Erkut Erdem

Professor

Computer Vision Laboratory (HUCVL)
Dept. of Computer Engineering
Hacettepe University

Office: 112
Address: Beytepe Campus, Ankara, Turkey TR-06800
e-mail: erkut at cs dot hacettepe dot edu dot tr
Phone: +90 312 297 7500 / 122
Fax: +90 (312) 297 7502

My research centers on the areas of computer vision and machine learning. I believe the right algorithms and representations are the ones that take into account the contextual influences. Thus, the research objective that my students and I pursue is to incorporate different kinds of context (spatial, temporal and/or cross-modal) into all levels of visual processing from low to intermediate and high-level vision.

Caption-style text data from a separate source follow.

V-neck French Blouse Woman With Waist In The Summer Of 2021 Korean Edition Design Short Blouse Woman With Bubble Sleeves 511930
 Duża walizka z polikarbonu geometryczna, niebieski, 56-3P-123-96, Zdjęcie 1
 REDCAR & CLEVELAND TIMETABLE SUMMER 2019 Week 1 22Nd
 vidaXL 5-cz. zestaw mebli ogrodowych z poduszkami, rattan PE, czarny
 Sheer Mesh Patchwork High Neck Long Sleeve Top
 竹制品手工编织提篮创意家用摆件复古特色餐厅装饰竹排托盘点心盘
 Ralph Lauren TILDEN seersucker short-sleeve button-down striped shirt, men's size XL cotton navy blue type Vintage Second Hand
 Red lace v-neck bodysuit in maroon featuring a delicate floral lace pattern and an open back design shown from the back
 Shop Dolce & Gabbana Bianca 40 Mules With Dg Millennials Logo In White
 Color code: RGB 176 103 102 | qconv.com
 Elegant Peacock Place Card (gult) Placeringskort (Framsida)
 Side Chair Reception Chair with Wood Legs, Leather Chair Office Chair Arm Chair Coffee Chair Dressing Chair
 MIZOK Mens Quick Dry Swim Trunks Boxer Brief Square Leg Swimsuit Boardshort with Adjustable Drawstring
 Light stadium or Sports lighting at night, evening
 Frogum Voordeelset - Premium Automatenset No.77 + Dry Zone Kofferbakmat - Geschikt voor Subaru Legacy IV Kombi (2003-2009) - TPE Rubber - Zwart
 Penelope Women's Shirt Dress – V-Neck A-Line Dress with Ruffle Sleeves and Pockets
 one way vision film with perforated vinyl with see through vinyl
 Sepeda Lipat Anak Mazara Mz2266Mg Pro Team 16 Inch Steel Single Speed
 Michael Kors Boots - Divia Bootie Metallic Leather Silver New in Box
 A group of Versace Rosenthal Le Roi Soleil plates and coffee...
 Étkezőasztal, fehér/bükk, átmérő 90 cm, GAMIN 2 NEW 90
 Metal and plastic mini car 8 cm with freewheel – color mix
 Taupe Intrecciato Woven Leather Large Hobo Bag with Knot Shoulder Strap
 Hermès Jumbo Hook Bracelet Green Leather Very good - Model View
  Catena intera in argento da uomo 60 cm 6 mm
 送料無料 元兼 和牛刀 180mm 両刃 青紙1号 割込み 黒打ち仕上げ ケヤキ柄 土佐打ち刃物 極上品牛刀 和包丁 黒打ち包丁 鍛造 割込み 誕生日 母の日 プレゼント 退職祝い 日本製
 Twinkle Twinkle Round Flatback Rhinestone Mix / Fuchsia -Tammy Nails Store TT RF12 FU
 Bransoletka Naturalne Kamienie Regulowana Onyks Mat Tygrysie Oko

Current research interests: Visual Saliency Prediction, Automatic Image Description, Video/Photoset Summarization, Image Filtering, Image Editing

Hacettepe University Faculty Member 2010-now
Ecole Nationale Supérieure des Télécommunications Post-doctoral Researcher 2009-2010
Middle East Technical University 1997-2008 Ph.D., 2008 M.Sc., 2003 B.Sc., 2001
University of California Los Angeles Visiting Researcher Oct. 2007 - Dec. 2007
Virginia Bioinformatics Institute, Virginia Tech Visiting Researcher Jul. 2004 - Aug. 2004

News and highlights

So excited to announce that I am co-affiliated with Koç University and İş Bank Artificial Intelligence Center (KUIS AI) as a research fellow.

I'm looking for motivated MSc/PhD students. Scholarships are available, please send me your CV if interested!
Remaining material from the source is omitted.